Costa Rican football referee (born 1993)

Keylor Herrera Villalobos (born 7 January 1993) is a Costa Rican football referee who officiates in the Liga FPD and who has been FIFA-listed since 2019.

== Career ==
Born in Alajuela, Costa Rica, Herrera began his career in refereeing in 2013. He has since officiated in his native country's Liga FPD and other local leagues like the Supercopa de Costa Rica and the Costa Rican Cup, and in foreign leagues like the Leagues Cup, the CONCACAF Champions Cup, the CONCACAF League and the Caribbean Club Championship.

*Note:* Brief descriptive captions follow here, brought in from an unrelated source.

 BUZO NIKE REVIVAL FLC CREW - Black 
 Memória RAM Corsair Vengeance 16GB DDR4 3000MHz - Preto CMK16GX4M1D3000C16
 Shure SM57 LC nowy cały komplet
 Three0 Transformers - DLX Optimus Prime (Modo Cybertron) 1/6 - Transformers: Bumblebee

In national teams tournaments, Herrera made his debut in the 2018 CONCACAF U-20 Championship in the United States. In 2019, he obtained the FIFA badge and got his first senior assignment at the 2019 CONCACAF Gold Cup. Herrera also oversaw games in the Gold Cup's 2023 and 2025 editions.

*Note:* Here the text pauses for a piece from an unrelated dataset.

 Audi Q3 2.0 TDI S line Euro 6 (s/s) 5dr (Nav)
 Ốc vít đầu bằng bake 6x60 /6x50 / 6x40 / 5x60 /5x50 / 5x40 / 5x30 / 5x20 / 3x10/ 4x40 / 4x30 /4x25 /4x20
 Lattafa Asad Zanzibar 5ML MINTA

Outside regional tournaments, Herrera was selected for two FIFA youth World Cups: the 2023 FIFA U-17 World Cup in Indonesia and the 2025 FIFA U-20 World Cup in Chile.

=== Controversies ===
In March 2023, Herrera filed a defamation lawsuit against four other Costa Rican referees, who had accused him of leaking conversations of local referees to the Costa Rican Football Federation.

In April 2025, during a local league match between Deportivo Saprissa and Club Sport Cartaginés, Herrera invalidated a legitimate goal by Saprissa's player Gino Vivi, ending the match in a 1–1 draw and complicating the situation of Saprissa. The Costa Rican Referees Federation reprimanded and suspended Herrera after a formal complaint by Deportivo Saprissa.

In June 2025, Herrera saw himself involved in another controversy, this time at the 2025 CONCACAF Gold Cup quarterfinal match between Canada and Guatemala, where he gave a Canada a non-existent penalty kick, which took the game to a final draw and a definition by penalties which was ultimately won by Guatemala.